The squeeze is also playing out in Canada’s personal insolvency rate, which is 9.8 per cent higher than in 2019, according to a report this week by Alberta Central, the province’s central agency for credit unions. The country’s levels of consumer insolvency, which includes both bankruptcies and debt renegotiations, also showed a year-over-year jump of about 14 per cent this past October.

A silver lining?

Charles St-Arnaud, Alberta Central’s chief economist, said the vast majority of those insolvencies were debt proposals, which are a “win-win.”

“The borrower is happy because they got some relief from the lender, so he doesn’t have to default on his loan. And the lender, it’s happy it has a borrower that’s not defaulting.”

Consumers in credit distress are finding banks are increasingly open to new terms, St-Arnaud said. Especially if the banks say: “Well, you still have income – we’ll just lower your payments and you’ll pay for longer.”
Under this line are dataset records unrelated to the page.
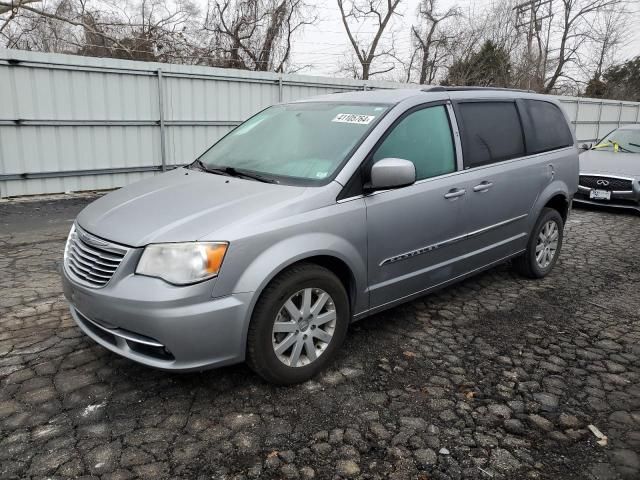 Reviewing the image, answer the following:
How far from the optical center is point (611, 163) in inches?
344

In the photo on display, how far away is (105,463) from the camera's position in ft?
→ 7.75

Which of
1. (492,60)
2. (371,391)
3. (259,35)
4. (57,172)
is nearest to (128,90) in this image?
(57,172)

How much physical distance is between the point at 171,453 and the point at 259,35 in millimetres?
21077

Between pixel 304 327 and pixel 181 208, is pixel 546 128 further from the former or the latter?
pixel 181 208

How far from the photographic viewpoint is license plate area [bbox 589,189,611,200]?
838 cm

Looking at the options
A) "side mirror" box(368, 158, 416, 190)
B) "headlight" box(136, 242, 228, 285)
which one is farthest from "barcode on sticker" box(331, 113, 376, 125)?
"headlight" box(136, 242, 228, 285)

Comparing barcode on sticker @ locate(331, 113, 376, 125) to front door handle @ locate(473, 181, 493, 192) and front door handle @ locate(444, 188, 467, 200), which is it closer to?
front door handle @ locate(444, 188, 467, 200)

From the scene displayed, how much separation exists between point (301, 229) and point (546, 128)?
10.7ft

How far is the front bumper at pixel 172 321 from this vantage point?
256cm

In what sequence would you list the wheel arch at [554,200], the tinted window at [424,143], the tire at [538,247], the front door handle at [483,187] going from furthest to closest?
the tire at [538,247]
the wheel arch at [554,200]
the front door handle at [483,187]
the tinted window at [424,143]

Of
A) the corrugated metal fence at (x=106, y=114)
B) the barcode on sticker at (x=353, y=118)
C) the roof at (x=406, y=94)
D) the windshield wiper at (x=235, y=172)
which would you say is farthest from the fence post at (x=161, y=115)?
the barcode on sticker at (x=353, y=118)

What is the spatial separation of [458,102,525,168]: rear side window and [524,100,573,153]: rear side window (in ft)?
0.74

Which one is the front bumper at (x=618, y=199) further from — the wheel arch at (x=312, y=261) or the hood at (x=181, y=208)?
the hood at (x=181, y=208)

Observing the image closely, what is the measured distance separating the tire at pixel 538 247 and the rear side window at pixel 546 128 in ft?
2.08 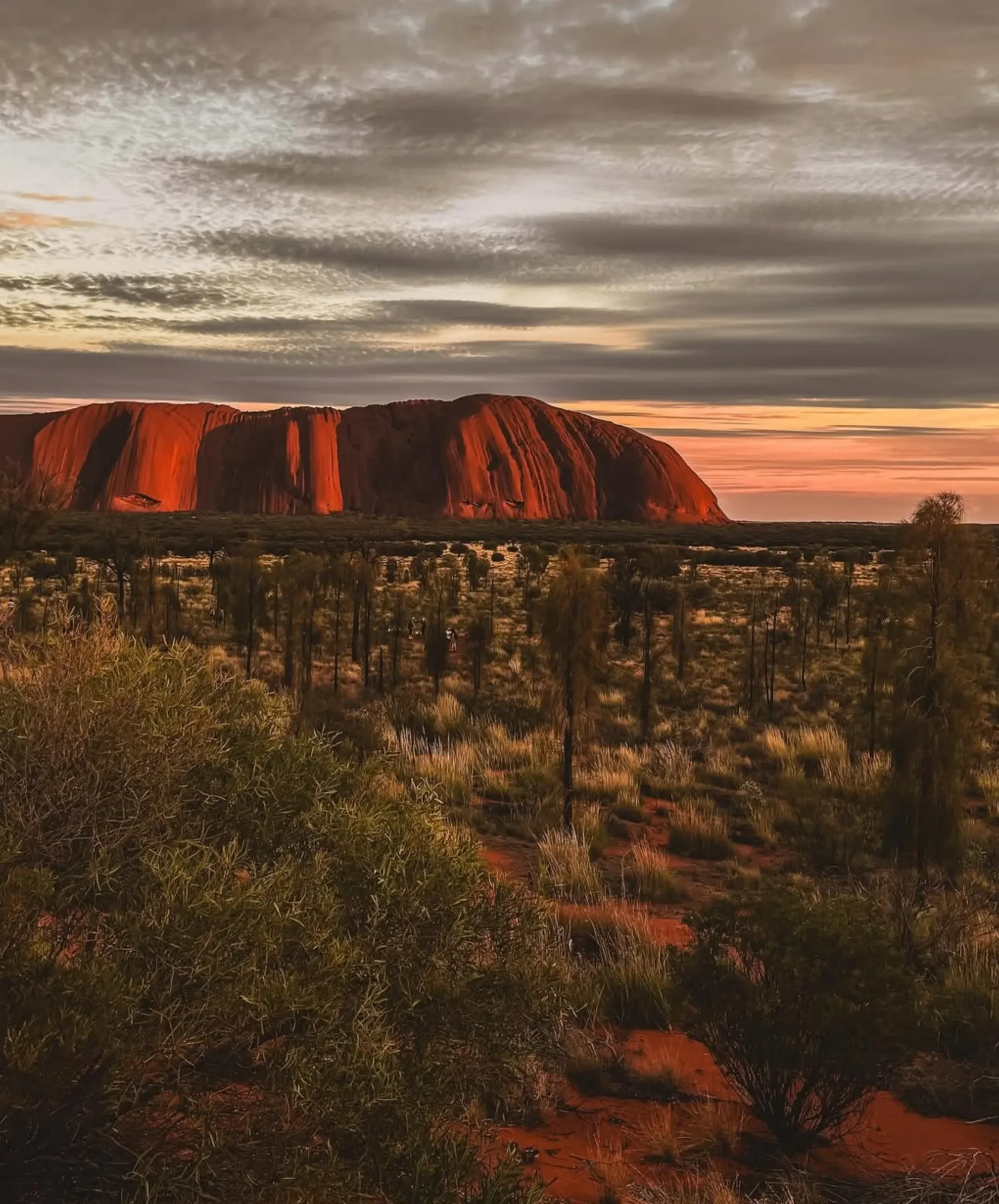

That option should remain open to some consumers, barring “negative economic shocks” outside of Canada that could disrupt the labour market, he said. And Arbour, at the Credit Counselling Society, said the growing number of calls for help is “wonderful,” because it shows people are reaching out for help – even if talking openly about debt remains taboo.

“People are much more apt and willing to talk about personal or mental-health challenges than they are about their finances,” she said. “So, if I’m at a party, people will tell me their mental-health diagnosis without much prodding, but they’re sure as heck not going to show me their Visa bill.”